Gaussin, la gouvernance tchèque au service de l’innovation logistique
Peut-on booster l'innovation en changeant de gouvernance ? C'est le pari que fait Gaussin, constructeur français de véhicules logistiques. En passant sous pavillon tchèque, le groupe entend recentrer ses activités pour accélérer son développement. Un virage stratégique qui soulève des questions sur l'avenir de ce fleuron tricolore.
Gaussin, un spécialiste de la logistique en quête de stabilité
Basé à Héricourt en Haute-Saône, le groupe Gaussin conçoit et assemble des véhicules électriques et à hydrogène dédiés à la manutention et au transport de marchandises. Avec 400 salariés et 35,7 millions d'euros de chiffre d'affaires en 2023, l'entreprise s'est forgée une solide expertise dans le domaine de la logistique intelligente et autonome.
Mais ces dernières années, Gaussin a connu quelques turbulences. Des désaccords stratégiques au sein de la direction ont entraîné une crise de gouvernance qui fragilisait le groupe. Pour y remédier, la solution est venue de l'Est, avec l'entrée au capital du tchèque CSG.

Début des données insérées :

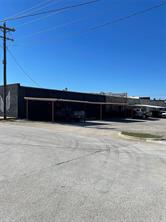 921 Halsell Street - Photo 9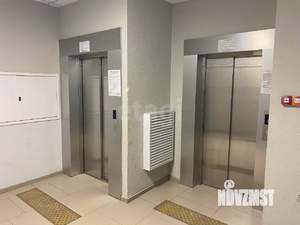 1-к квартира, на длительный срок, 40м2, 7/10 этаж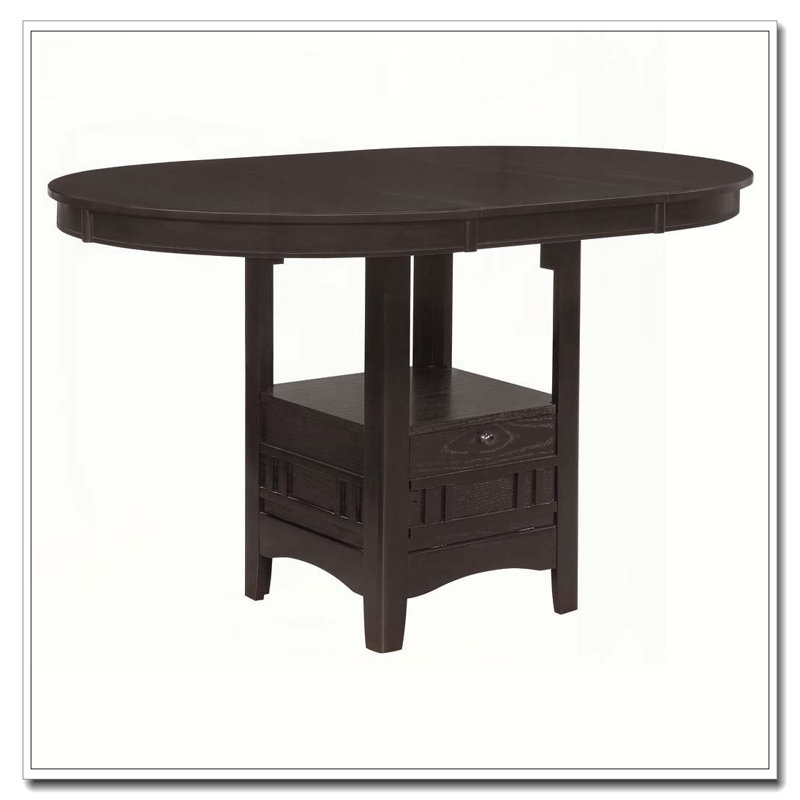 Table de salle à manger Hester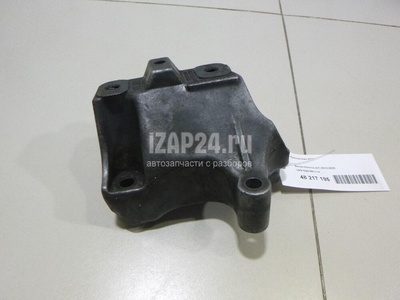 5Q0199117A Кронштейн КПП VAG Golf VII (2012 - 2020)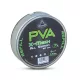 Anaconda All Season PVA X-Mesh Langsam lösliches 15mm PVA-Netz 7m
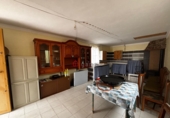 Detached villa with land for sale in Azuébar ref: TR412232 photo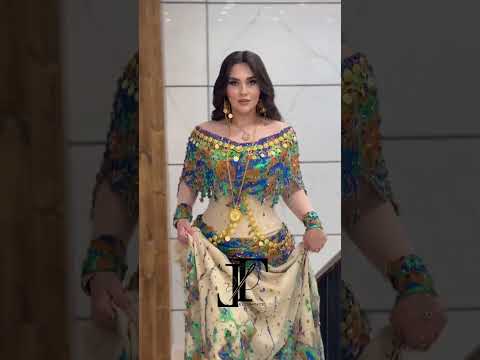 مودال والقماش يهبل كون نحاو الى في النص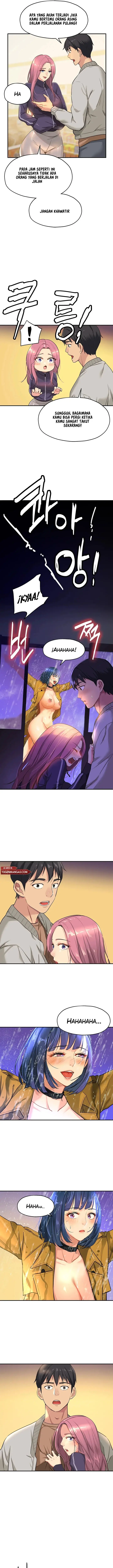 image-komik-the-pleasure-shop-chapter-09-7/18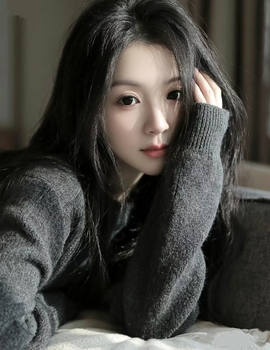 一号代理🎵充值秒返的图片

Un changement de gouvernance validé par Bercy
Le 18 juin 2024, un conseil d'administration a officialisé la prise de contrôle de Gaussin par CSG. Le groupe tchèque détient désormais 20% du capital et 4 sièges sur 5 au conseil. Christophe Gaussin, l'ancien PDG, reste directeur général mais perd la présidence au profit d'un représentant de CSG.
Cette opération capitalistique avait reçu en avril le feu vert de Bercy, qui considère Gaussin comme une activité stratégique. Le gouvernement a posé comme conditions le maintien des emplois et des savoir-faire en France. Si CSG convertit son prêt de 15 millions d'euros en actions, il pourrait même devenir majoritaire.
L'arrivée de quatre nouveaux administrateurs s'est accompagnée de la fin de mission de deux anciens responsables qui participaient à une crise de gouvernance. La situation devrait être plus apaisée.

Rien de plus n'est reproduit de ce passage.